Ik oordeelde indertijd bijna andersom. Voor mij waren veel van de overbekende voorbeelden wel degelijk nieuw, maar ik ben dan ook geen bioloog. En mij stoorde het nu juist wat dat Jones’ in Almost Like a Whale zo veel minder goed schrijft als in zijn andere boeken.

Dat ik Goldschmidt’s oordeel nu tegenover het mijne zet, is overigens niet om te koketteren. Ik doe dit om aan te geven dat zijn verwijt over Jones nu wat op hemzelf terugslaat.

Boeken, of artikelen, worden geschreven voor een bepaald publiek. De ene keer hoor ik wel tot het publiek waartoe Goldschmidt zich richt met deze bundel, en een andere keer juist niet, omdat hij me dan niets verteld dat ik nog niet wist.

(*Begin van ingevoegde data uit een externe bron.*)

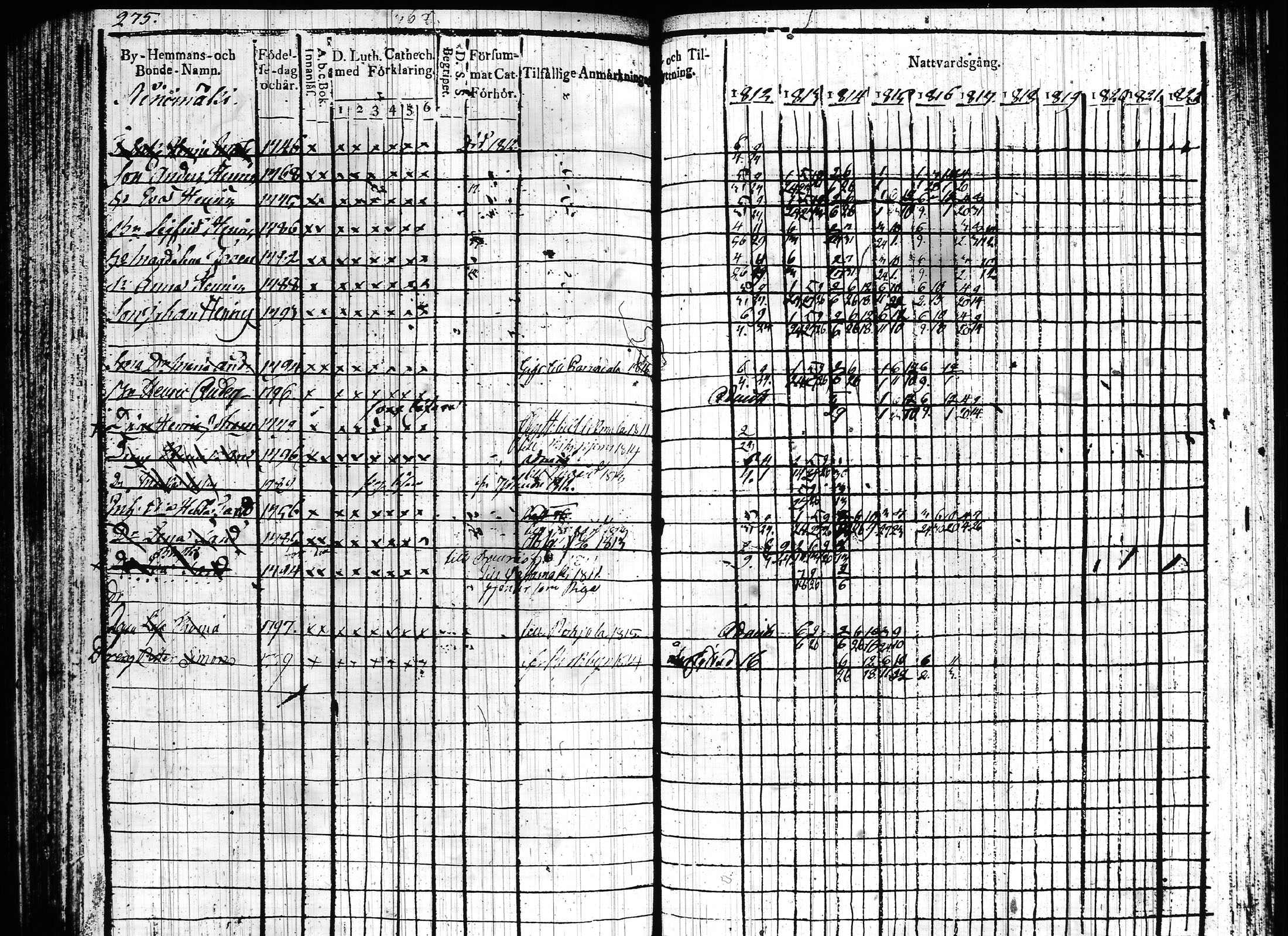 [ ../kirjat/Kirkonkirjat/hartola/rippikirja_1812-1817_tk900/kuvat/360.jpg ]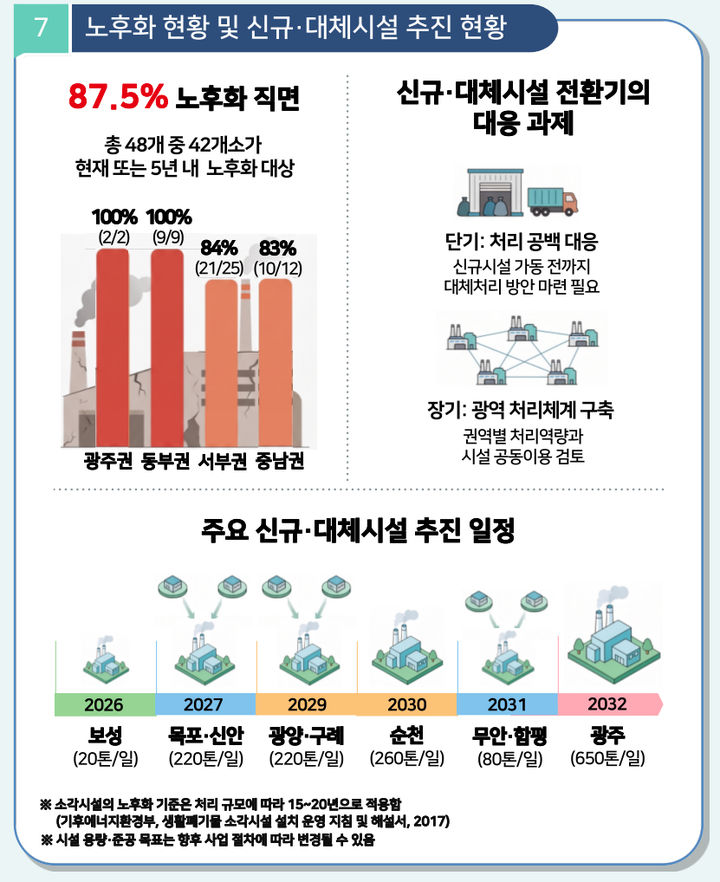 [전남광주=뉴시스] 광주기후에너지진흥원 자원순환지원센터가 발간한 '자원순환 동향워치 특별호' 전남광주특별시 내 공공소각시설 노후화 등 자료. (사진=자료집 갈무리) 2026.09.09. photo@newsis.com *재판매 및 DB 금지
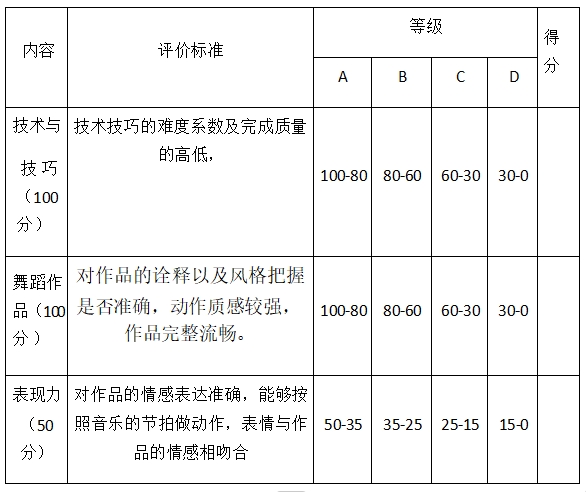 江西单招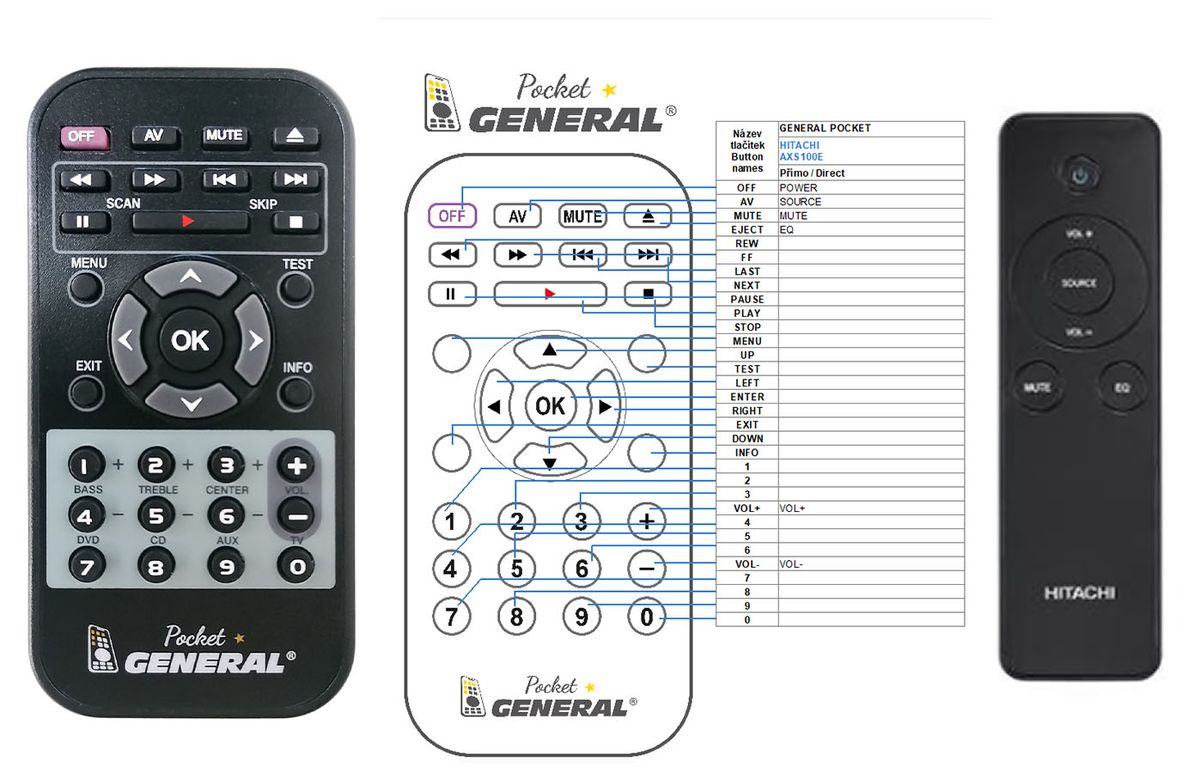 HITACHI AXM549C - télécommande de remplacement - $15.7 : REMOTE CONTROL  WORLD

Het gaat me veel te ver om hem dan te verwijten ‘overbekende voorbeelden’ te gebruiken, maar zoiets weegt wel mee in mijn waardering. Dit is een goed boek, Goldschmidt is een interessante schrijver, maar mij verraste hij ditmaal veel minder dan ik gehoopt had.

Tijs Goldschmidt, Kloten van de engel
Beschouwelijkheid over de natuurlijkheid van cultuur

211 pagina’s
Athenaeum—Polak & Van Gennep, 2007

[x]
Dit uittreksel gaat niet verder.